* _The task_:
Exact copy without images: repeat every entry as written.

[Stored items from a collection]
==*==

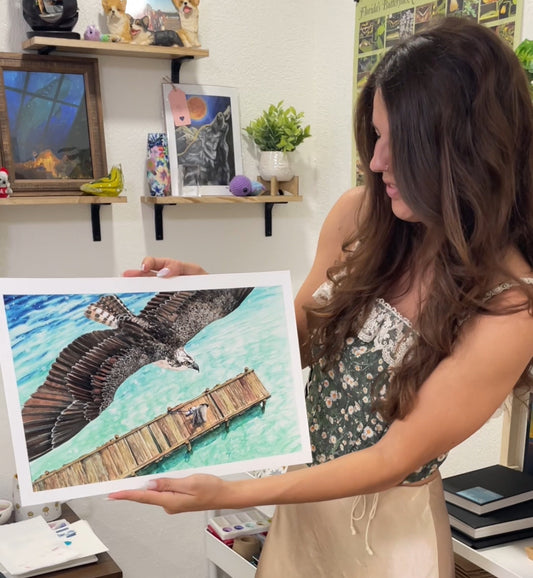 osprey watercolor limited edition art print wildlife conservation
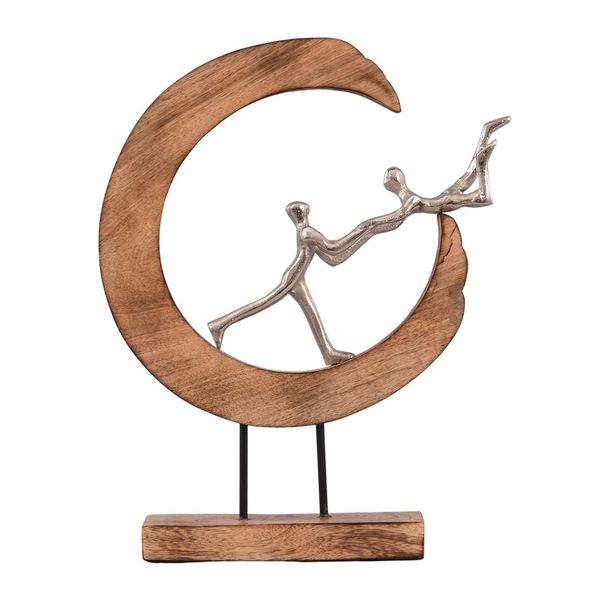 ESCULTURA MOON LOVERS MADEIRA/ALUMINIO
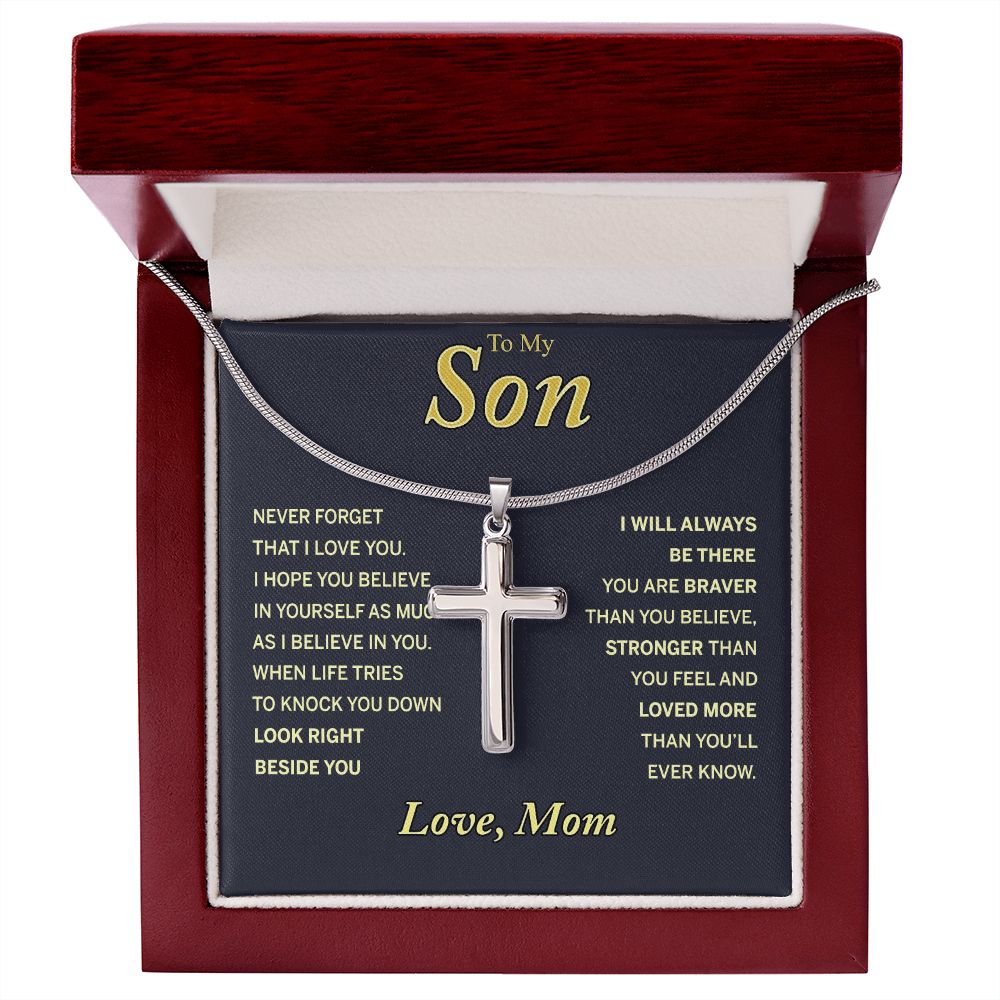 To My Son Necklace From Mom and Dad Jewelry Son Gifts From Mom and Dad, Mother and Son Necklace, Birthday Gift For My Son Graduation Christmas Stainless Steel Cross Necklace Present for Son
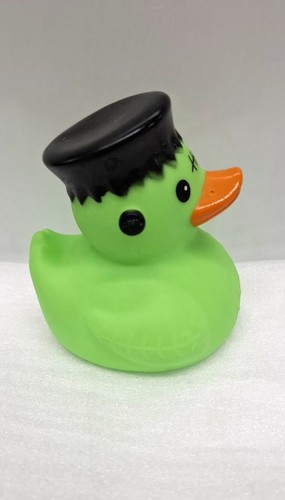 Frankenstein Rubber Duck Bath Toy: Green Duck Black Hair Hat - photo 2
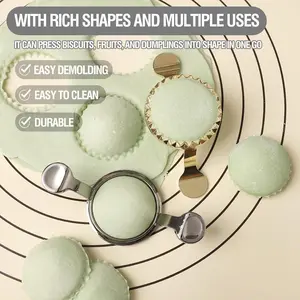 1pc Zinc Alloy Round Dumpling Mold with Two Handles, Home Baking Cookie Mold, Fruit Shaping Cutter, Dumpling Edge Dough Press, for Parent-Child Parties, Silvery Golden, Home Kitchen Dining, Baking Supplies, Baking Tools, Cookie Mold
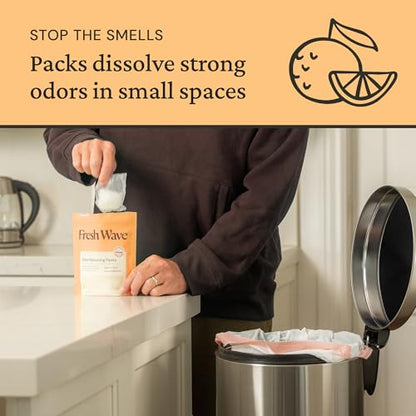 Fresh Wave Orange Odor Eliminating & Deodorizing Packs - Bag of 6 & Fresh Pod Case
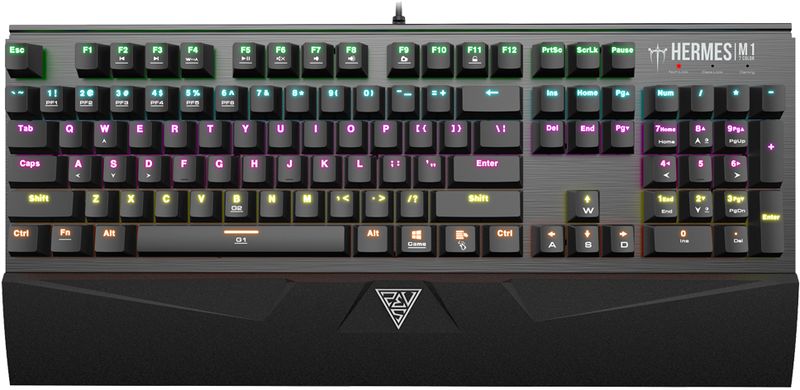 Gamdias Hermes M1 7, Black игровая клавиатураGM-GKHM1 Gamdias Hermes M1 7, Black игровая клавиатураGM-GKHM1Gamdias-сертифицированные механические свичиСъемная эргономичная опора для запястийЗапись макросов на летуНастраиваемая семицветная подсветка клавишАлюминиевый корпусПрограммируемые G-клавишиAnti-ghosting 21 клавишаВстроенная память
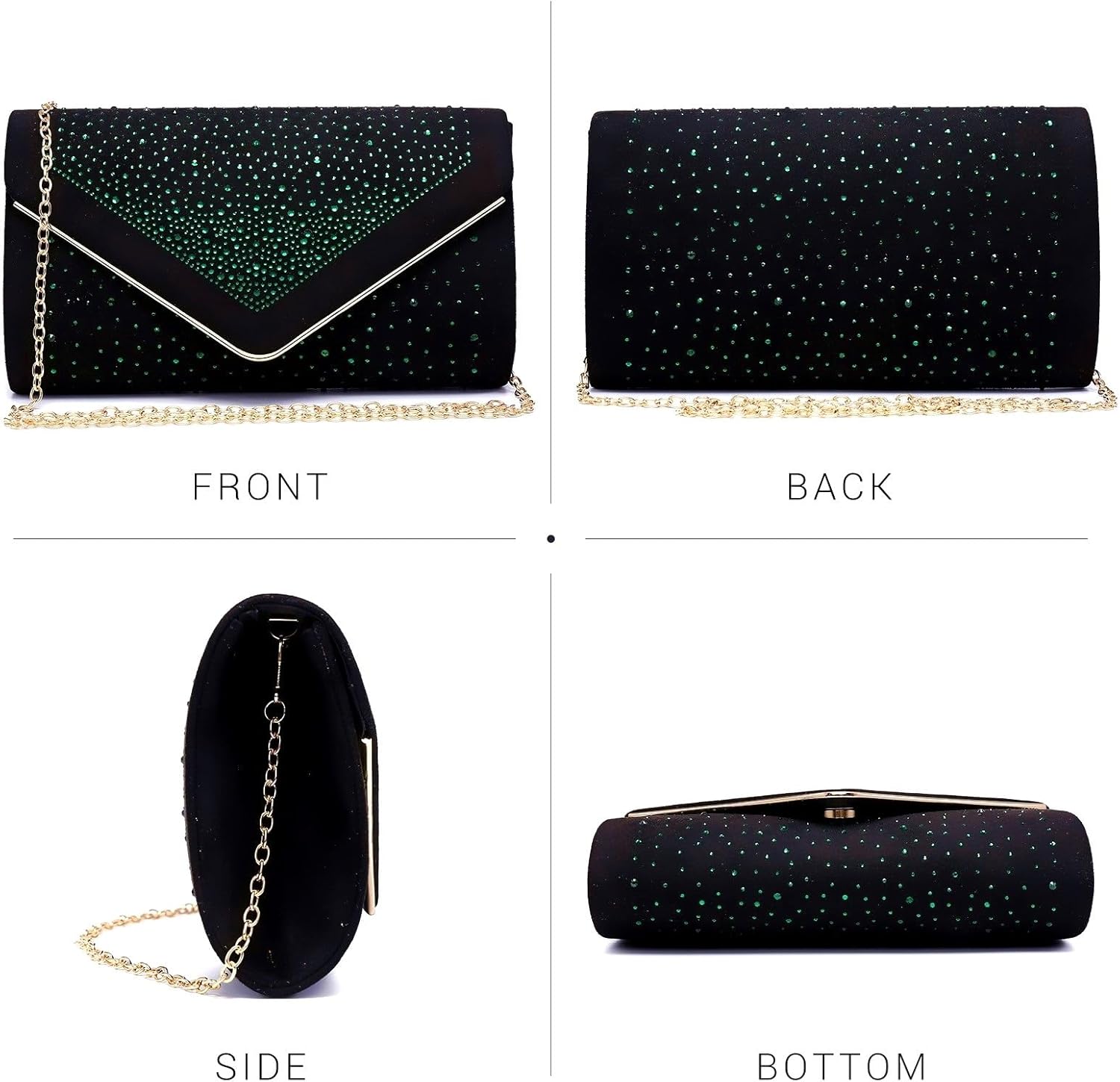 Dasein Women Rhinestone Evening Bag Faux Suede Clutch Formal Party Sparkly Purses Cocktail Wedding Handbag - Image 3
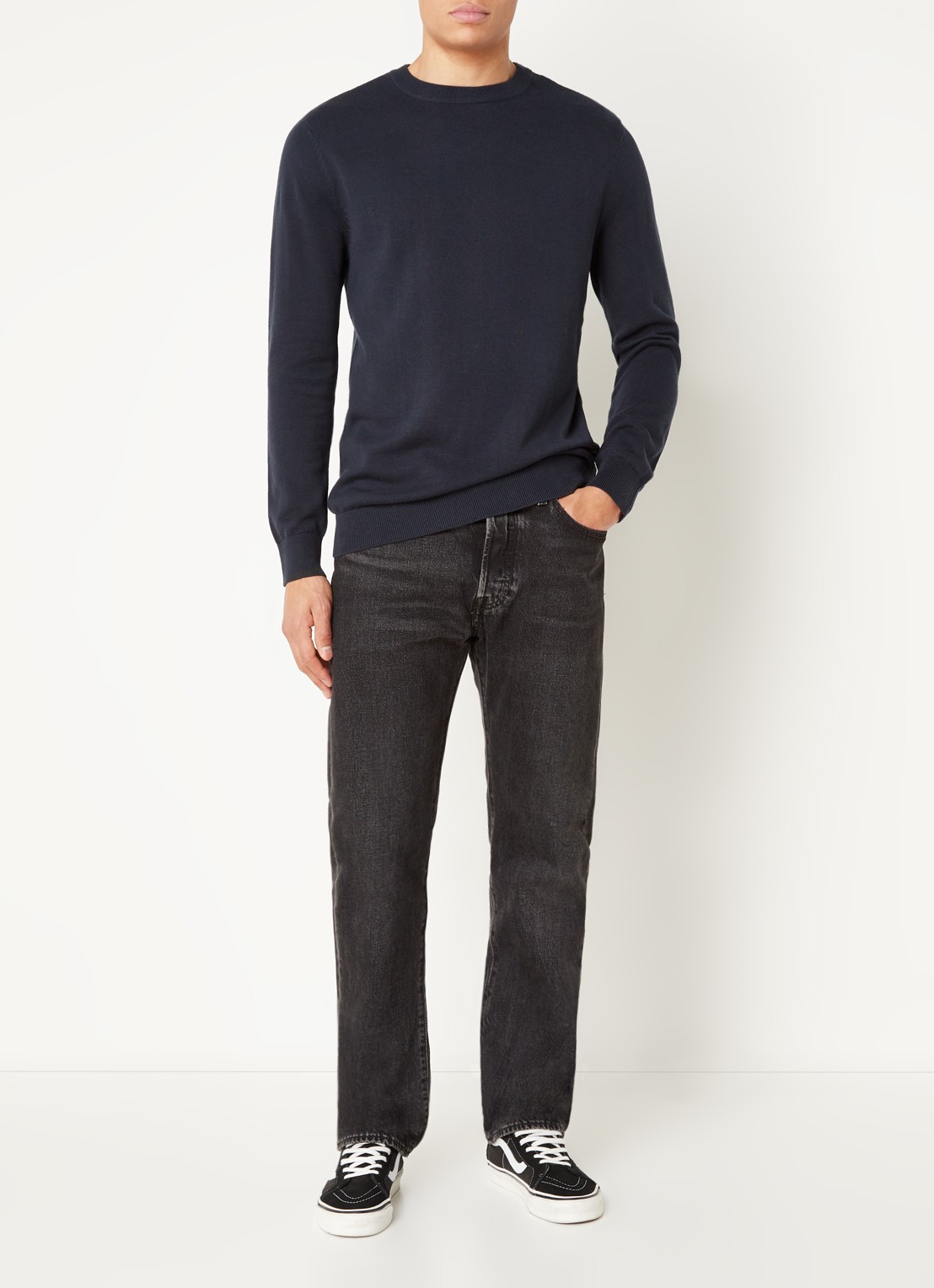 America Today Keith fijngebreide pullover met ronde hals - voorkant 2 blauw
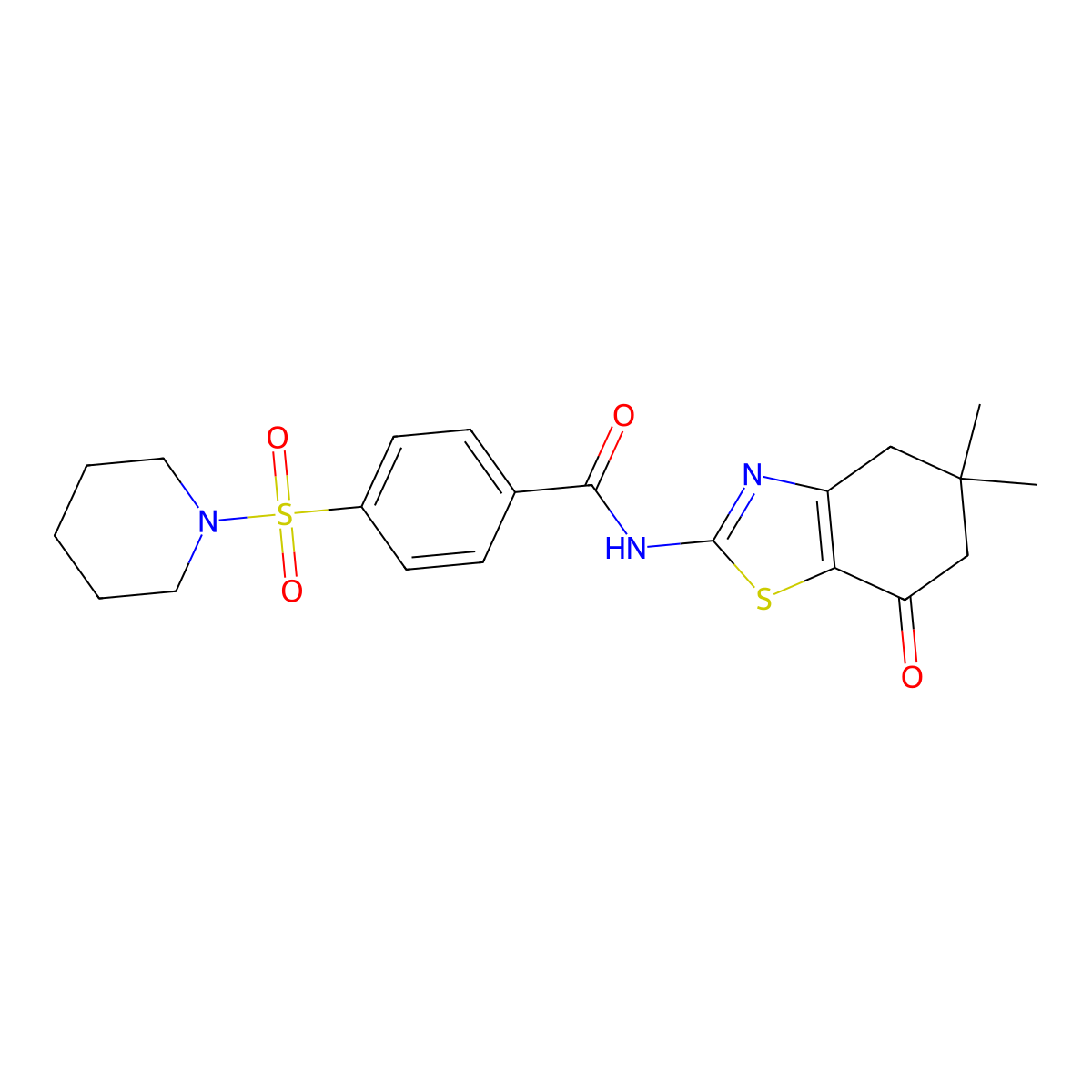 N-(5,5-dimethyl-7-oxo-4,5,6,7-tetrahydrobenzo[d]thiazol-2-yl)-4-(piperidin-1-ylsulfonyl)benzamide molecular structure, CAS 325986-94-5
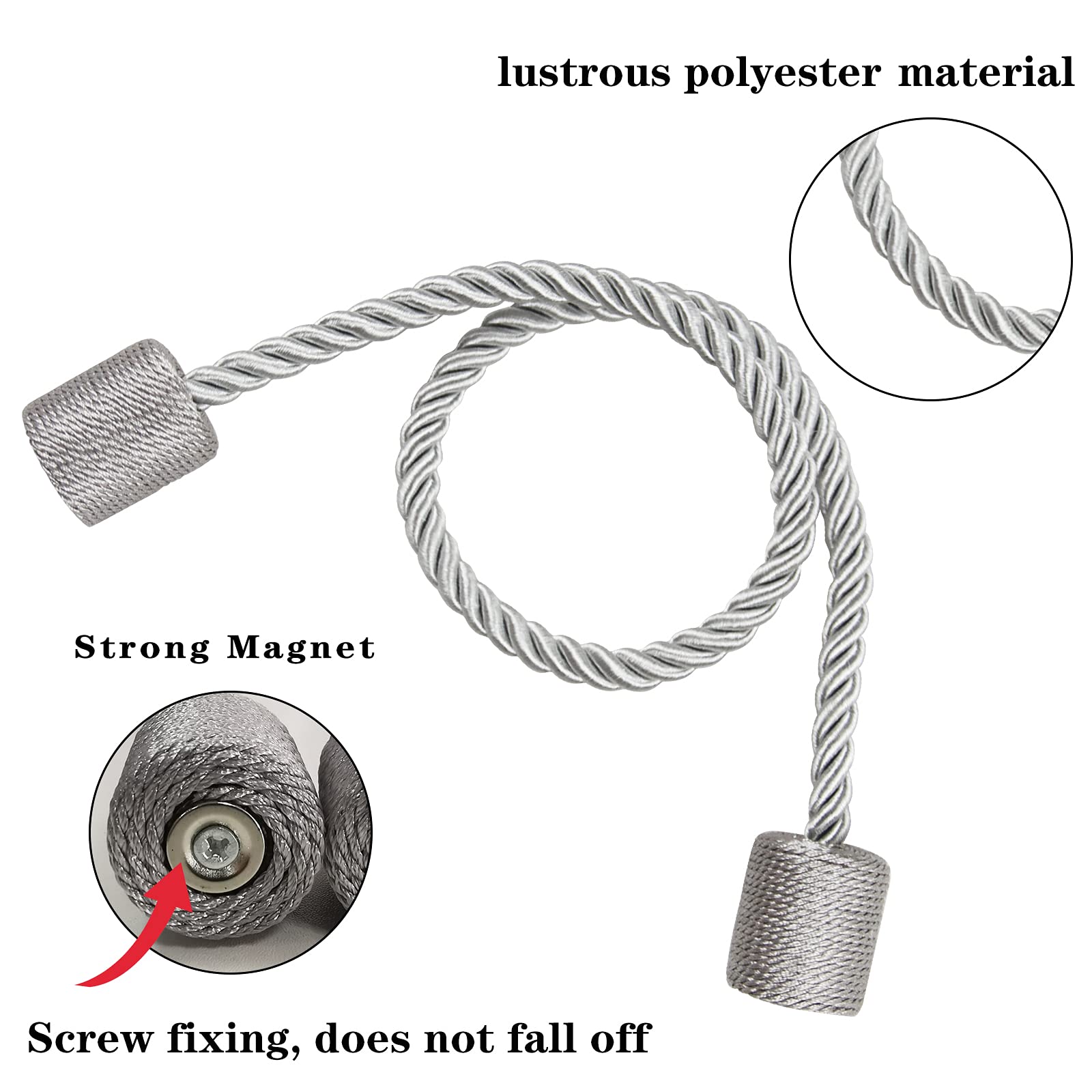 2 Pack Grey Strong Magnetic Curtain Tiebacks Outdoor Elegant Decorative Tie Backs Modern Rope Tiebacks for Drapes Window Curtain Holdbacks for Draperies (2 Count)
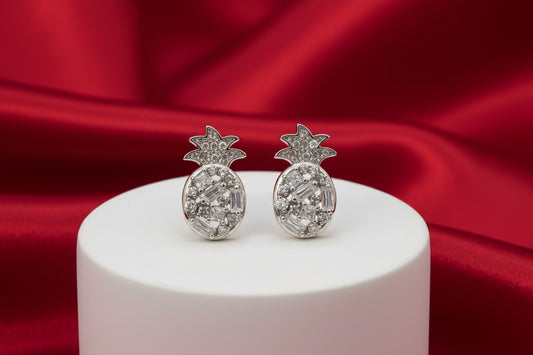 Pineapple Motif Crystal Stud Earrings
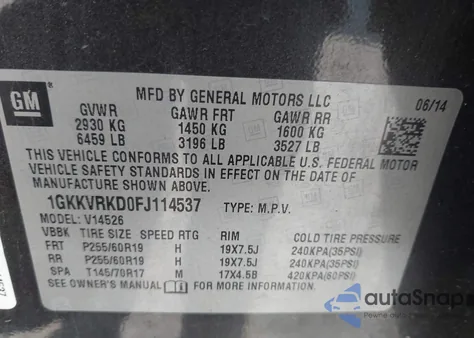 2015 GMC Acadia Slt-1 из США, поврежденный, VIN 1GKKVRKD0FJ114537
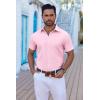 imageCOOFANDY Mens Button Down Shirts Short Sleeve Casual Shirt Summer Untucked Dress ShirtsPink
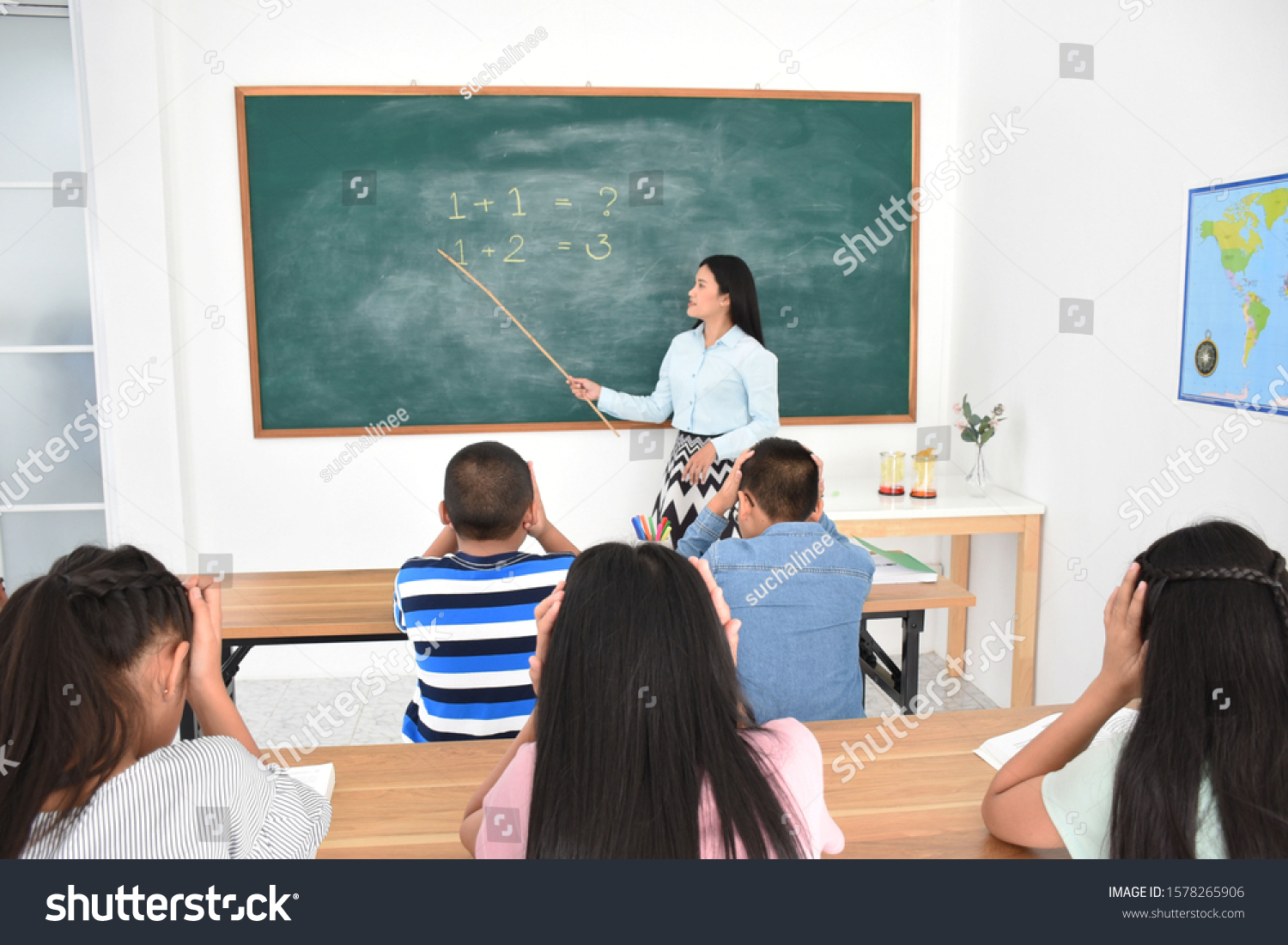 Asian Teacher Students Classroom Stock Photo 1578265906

==*==

* _Output of the exercise_:
 osprey watercolor limited edition art print wildlife conservation
 ESCULTURA MOON LOVERS MADEIRA/ALUMINIO
 To My Son Necklace From Mom and Dad Jewelry Son Gifts From Mom and Dad, Mother and Son Necklace, Birthday Gift For My Son Graduation Christmas Stainless Steel Cross Necklace Present for Son
 Frankenstein Rubber Duck Bath Toy: Green Duck Black Hair Hat - photo 2
 1pc Zinc Alloy Round Dumpling Mold with Two Handles, Home Baking Cookie Mold, Fruit Shaping Cutter, Dumpling Edge Dough Press, for Parent-Child Parties, Silvery Golden, Home Kitchen Dining, Baking Supplies, Baking Tools, Cookie Mold
 Fresh Wave Orange Odor Eliminating & Deodorizing Packs - Bag of 6 & Fresh Pod Case
 Gamdias Hermes M1 7, Black игровая клавиатураGM-GKHM1 Gamdias Hermes M1 7, Black игровая клавиатураGM-GKHM1Gamdias-сертифицированные механические свичиСъемная эргономичная опора для запястийЗапись макросов на летуНастраиваемая семицветная подсветка клавишАлюминиевый корпусПрограммируемые G-клавишиAnti-ghosting 21 клавишаВстроенная память
 Dasein Women Rhinestone Evening Bag Faux Suede Clutch Formal Party Sparkly Purses Cocktail Wedding Handbag - Image 3
 America Today Keith fijngebreide pullover met ronde hals - voorkant 2 blauw
 N-(5,5-dimethyl-7-oxo-4,5,6,7-tetrahydrobenzo[d]thiazol-2-yl)-4-(piperidin-1-ylsulfonyl)benzamide molecular structure, CAS 325986-94-5
 2 Pack Grey Strong Magnetic Curtain Tiebacks Outdoor Elegant Decorative Tie Backs Modern Rope Tiebacks for Drapes Window Curtain Holdbacks for Draperies (2 Count)
 Pineapple Motif Crystal Stud Earrings
 2015 GMC Acadia Slt-1 из США, поврежденный, VIN 1GKKVRKD0FJ114537
 imageCOOFANDY Mens Button Down Shirts Short Sleeve Casual Shirt Summer Untucked Dress ShirtsPink
 Asian Teacher Students Classroom Stock Photo 1578265906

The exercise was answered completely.